__EXERCISE INSTRUCTIONS__:
Write out the entries below exactly, but only from the line containing "复古修身小西装女 春秋新款西服外套 英伦风短款毛呢女装春秋新款" through the line containing "Fototapeta Collection of", and without the pictures.

━━━━━ RECORDS FOR THIS TASK ━━━━━

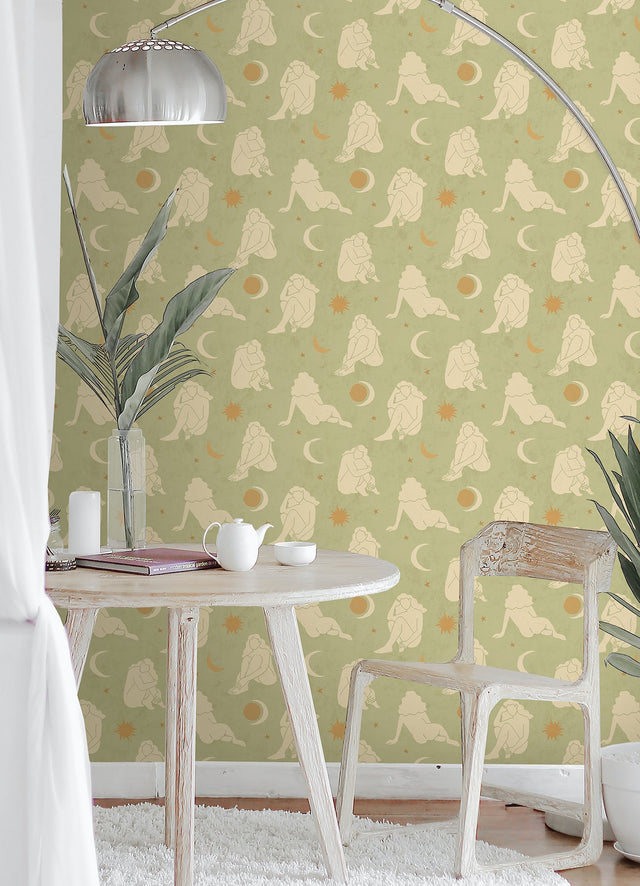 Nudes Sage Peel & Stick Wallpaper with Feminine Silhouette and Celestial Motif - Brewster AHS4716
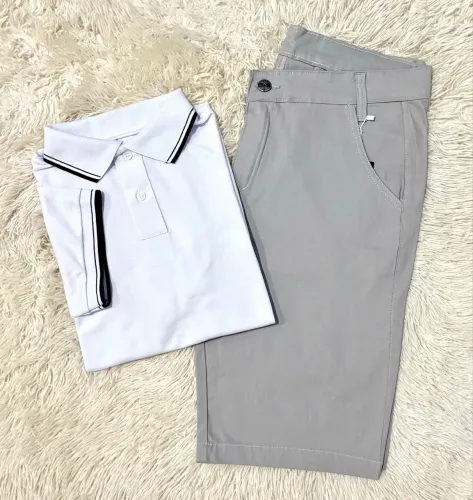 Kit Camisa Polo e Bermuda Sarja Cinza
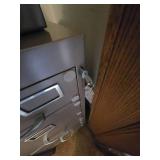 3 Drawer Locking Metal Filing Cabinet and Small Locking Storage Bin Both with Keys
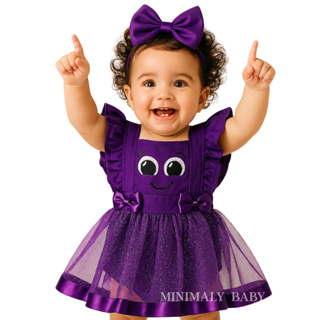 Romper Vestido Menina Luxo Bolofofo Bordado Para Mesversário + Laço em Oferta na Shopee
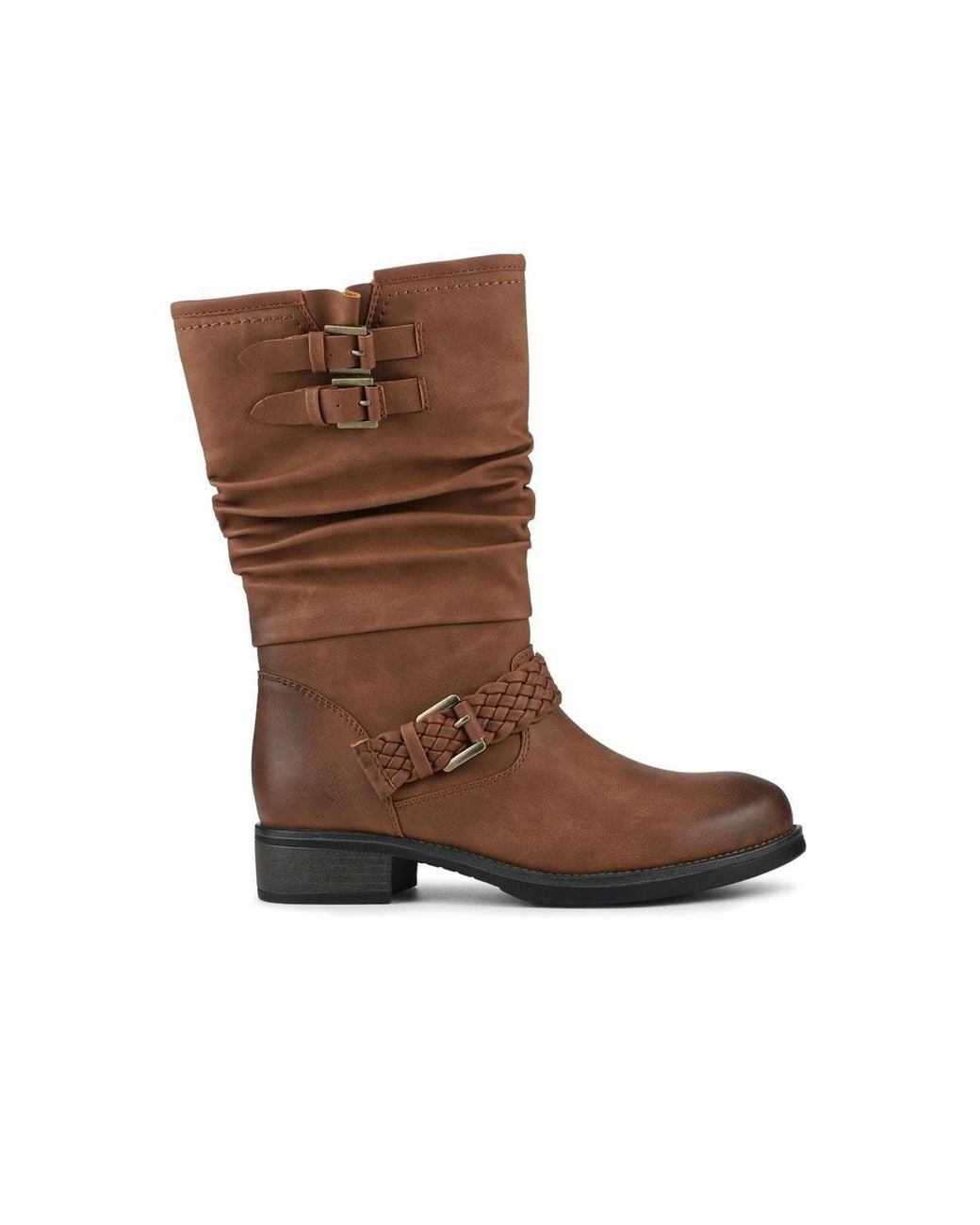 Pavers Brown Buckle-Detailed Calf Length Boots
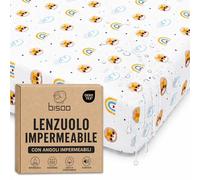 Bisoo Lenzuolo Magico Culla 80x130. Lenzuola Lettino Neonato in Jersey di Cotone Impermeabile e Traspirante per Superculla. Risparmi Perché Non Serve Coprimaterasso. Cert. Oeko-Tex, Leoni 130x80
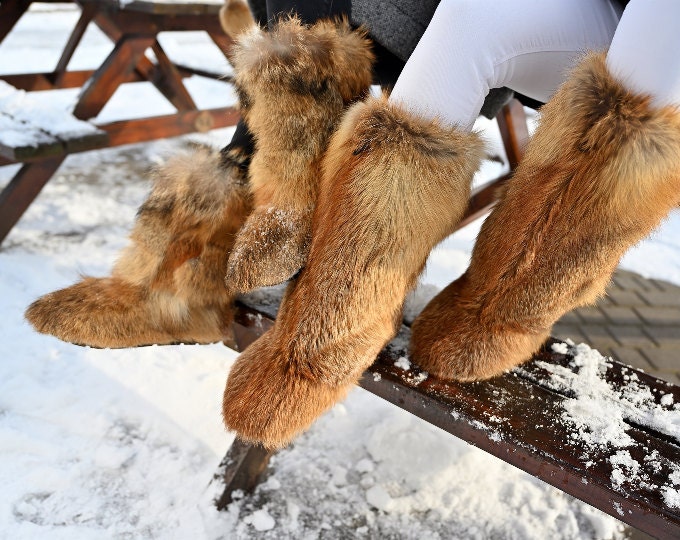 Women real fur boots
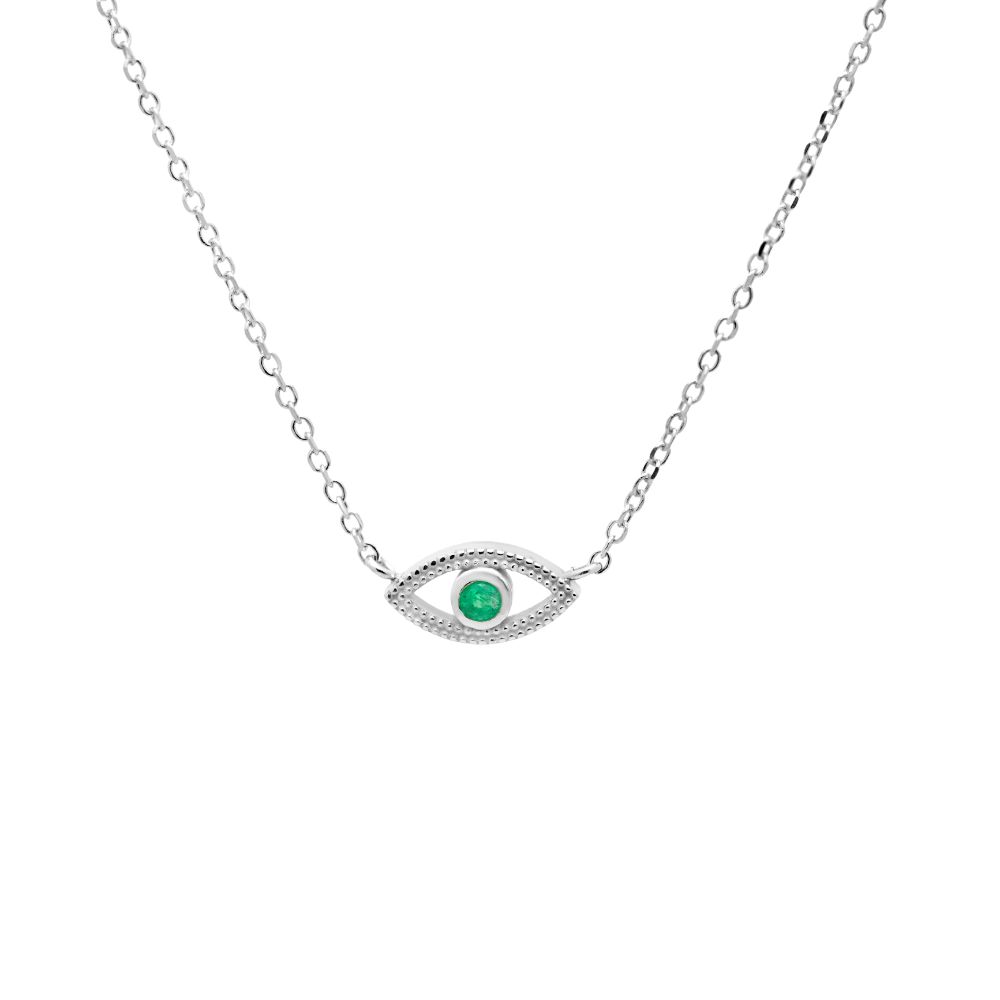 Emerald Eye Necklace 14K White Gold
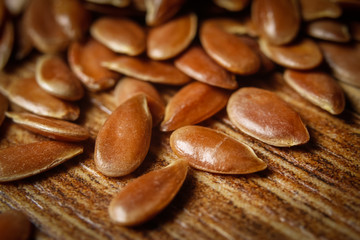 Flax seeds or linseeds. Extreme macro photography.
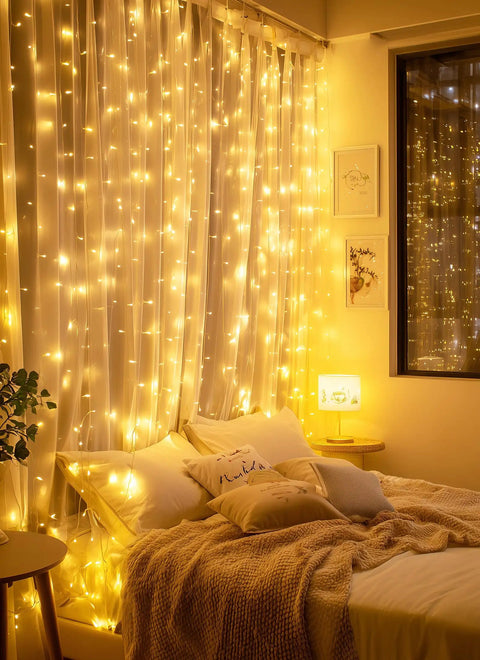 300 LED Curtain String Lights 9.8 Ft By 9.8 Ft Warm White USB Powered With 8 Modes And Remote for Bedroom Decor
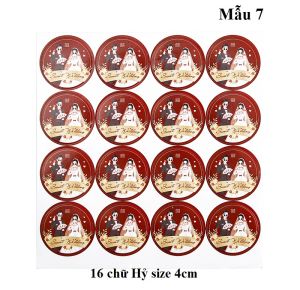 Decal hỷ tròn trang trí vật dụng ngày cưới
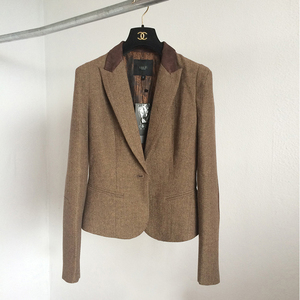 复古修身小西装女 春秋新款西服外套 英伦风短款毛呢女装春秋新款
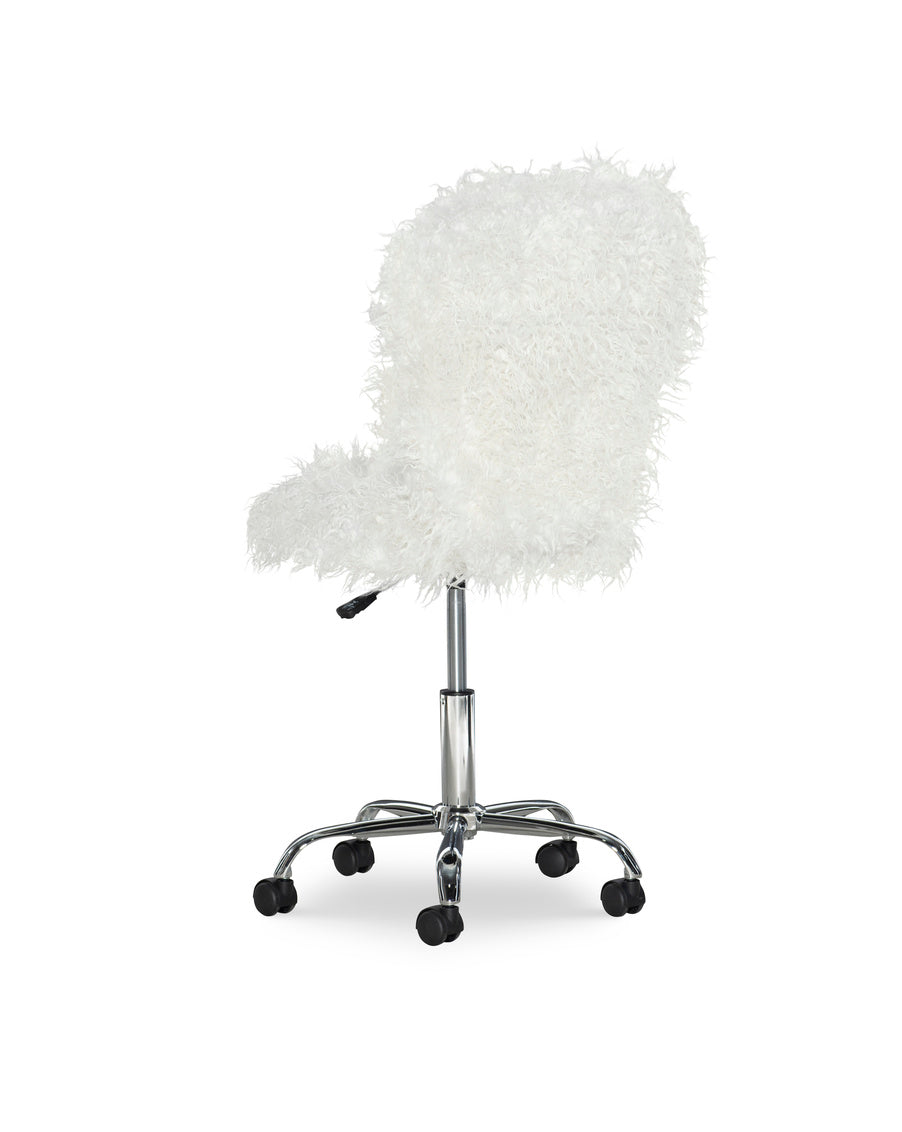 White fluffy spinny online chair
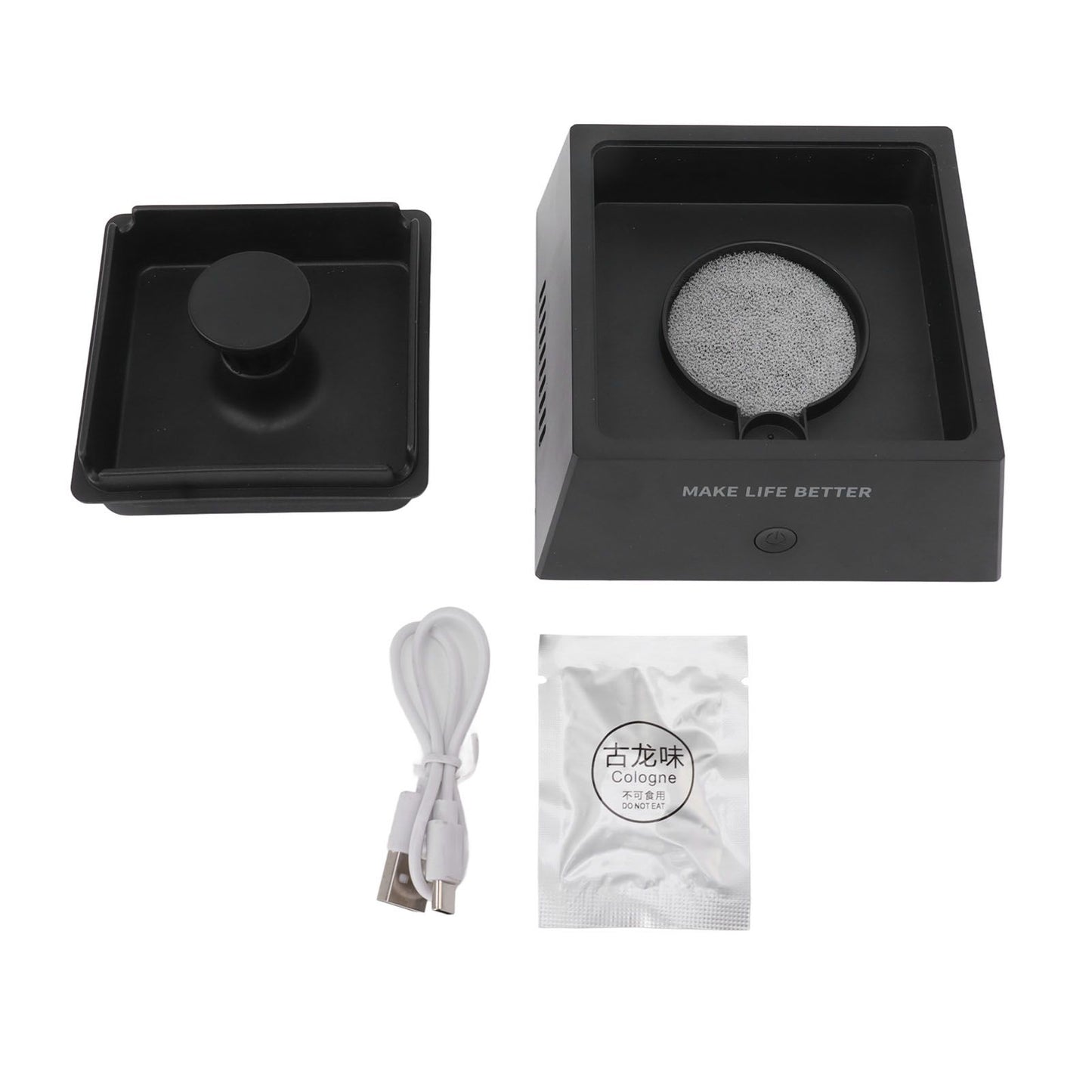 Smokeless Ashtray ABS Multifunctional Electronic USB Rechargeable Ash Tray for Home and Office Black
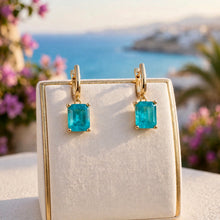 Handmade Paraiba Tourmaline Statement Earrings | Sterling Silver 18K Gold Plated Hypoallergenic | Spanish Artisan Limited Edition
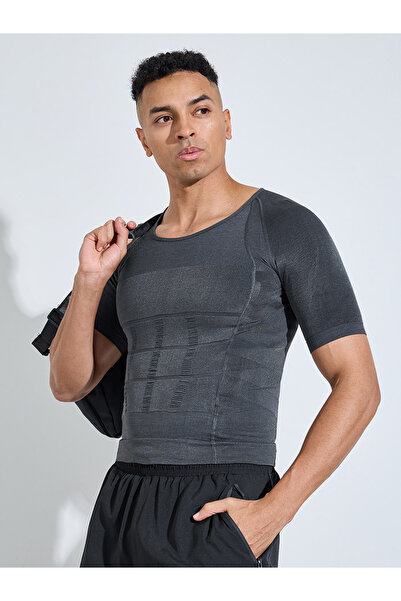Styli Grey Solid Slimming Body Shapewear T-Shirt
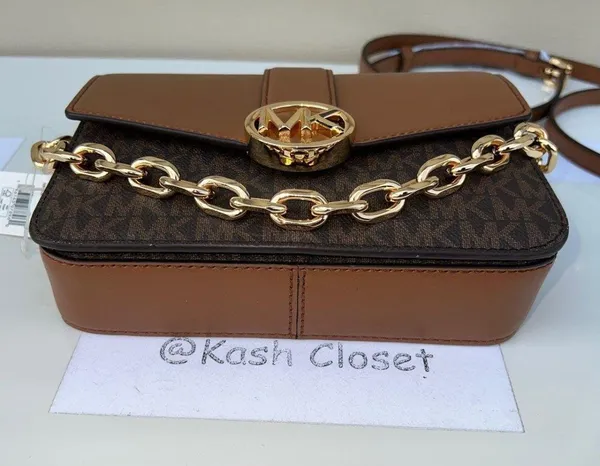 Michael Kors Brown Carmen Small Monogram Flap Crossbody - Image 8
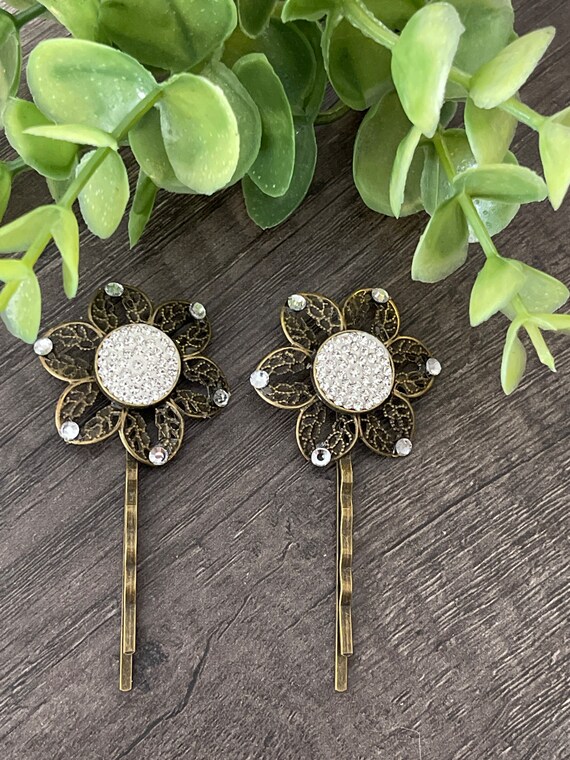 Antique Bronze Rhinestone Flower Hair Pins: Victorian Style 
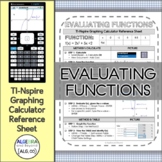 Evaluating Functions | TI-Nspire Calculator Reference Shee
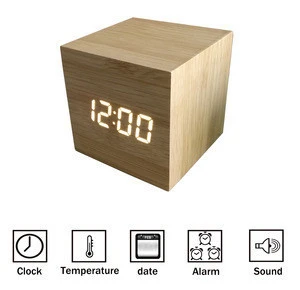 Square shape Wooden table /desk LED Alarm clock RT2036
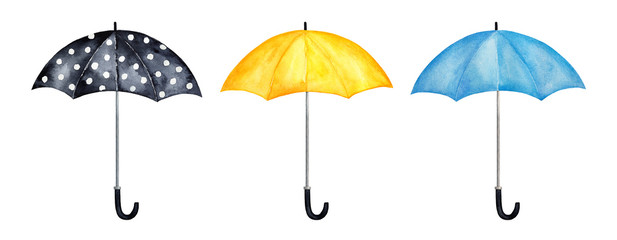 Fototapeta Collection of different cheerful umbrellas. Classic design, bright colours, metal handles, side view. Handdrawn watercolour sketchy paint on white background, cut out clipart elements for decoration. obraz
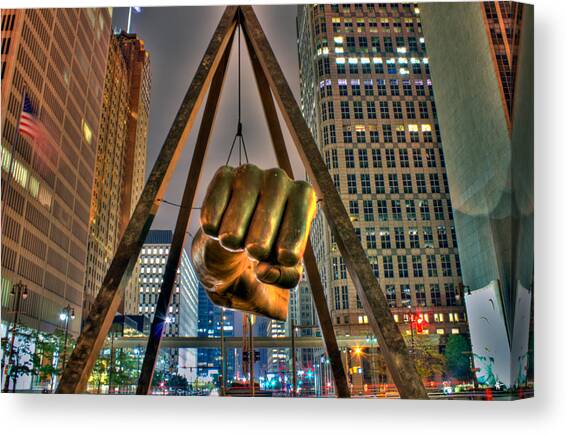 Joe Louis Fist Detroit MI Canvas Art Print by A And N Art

━━━━━

__SOLVED PROBLEM__:
 复古修身小西装女 春秋新款西服外套 英伦风短款毛呢女装春秋新款
 White fluffy spinny online chair
 Smokeless Ashtray ABS Multifunctional Electronic USB Rechargeable Ash Tray for Home and Office Black
 Handmade Paraiba Tourmaline Statement Earrings | Sterling Silver 18K Gold Plated Hypoallergenic | Spanish Artisan Limited Edition
Styli Grey Solid Slimming Body Shapewear T-Shirt
 Michael Kors Brown Carmen Small Monogram Flap Crossbody - Image 8
 Antique Bronze Rhinestone Flower Hair Pins: Victorian Style 
 Evaluating Functions | TI-Nspire Calculator Reference Shee
 Square shape Wooden table /desk LED Alarm clock RT2036
 Fototapeta Collection of different cheerful umbrellas. Classic design, bright colours, metal handles, side view. Handdrawn watercolour sketchy paint on white background, cut out clipart elements for decoration. obraz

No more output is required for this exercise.